3. Citing the prosecutors for direct contempt; and

4. Dismissing the present case for lack of evidence against the accused.

Other just and equitable reliefs are likewise prayed for.[16]
On April 10, 2002, the court issued an Order[17]  amending its March 5, 2002 Order, resetting the trial to 8:30 a.m. of May 9, 2002. On September 2, 2002, the prosecution filed its Formal Offer of Evidence[18] dated August 29, 2002 in Criminal Case No. 24643. The prosecution manifested therein that with the testimonies of all its witnesses, as well as the admission of the exhibits described therein, it was resting its case.

Nevertheless, on December 17, 2002, the Sandiganbayan made a volte face and issued a Resolution[19]  granting the March 11, 2002 Motion for Partial Reconsideration of the prosecution and allowing it to adduce additional evidence in the two cases. The petitioner filed a motion for the reconsideration of the Resolution which the court denied in an Order[20] dated February 11, 2003.

Hence, the petition at bar.

The issue for resolution is whether the Sandiganbayan committed a grave abuse of its discretion amounting to excess of lack of jurisdiction (a) in issuing Resolution of December 17, 2002 and Order dated February 11, 2003 in Criminal Case No. 24643; and (b) in ordering the dismissal of the case as against accused Oscar Garcia.

On the first issue, the petitioner contends that the Sandiganbayan committed a grave abuse of discretion amounting to lack or excess of jurisdiction in issuing its December 17, 2002 Resolution allowing the prosecution to adduce  additional evidence in Criminal Case No. 24643, and its February 11, 2003 Order denying his motion for reconsideration  of the said resolution.  The petitioner points out that despite the Sandiganbayan's repeated denials of the prosecution's motions to adduce additional evidence, the graft court made a volte face  and allowed the prosecution to adduce additional evidence just the same.  The petitioner asserts that, by filing its formal offer of evidence on September 2, 2002, the prosecution thereby waived its plea to adduce additional evidence; yet, the Sandiganbayan allowed it to adduce additional evidence.
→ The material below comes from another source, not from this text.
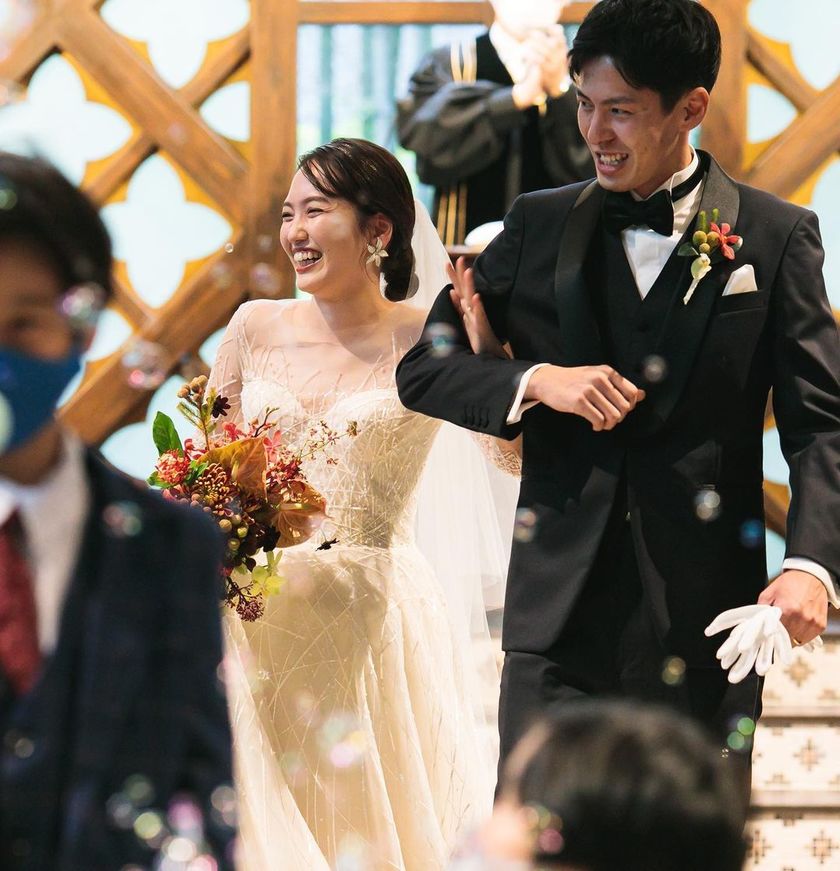 Nice idea🫧 It's wonderful to have children lead the way during the "exit scene" of the ceremony 👦🏻👧🏻にて紹介している画像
He further asserts that the graft court should have cited the respondents-prosecutors in contempt of court for their repeated failure to file their formal offer of evidence despite its order for them to do so.  Finally, the petitioner insists that the Sandiganbayan gravely abused its discretion in dismissing the case against Oscar Garcia without dismissing the case as against the other accused therein, including himself.

On June 16, 2003, the Court resolved to give due course to the petition.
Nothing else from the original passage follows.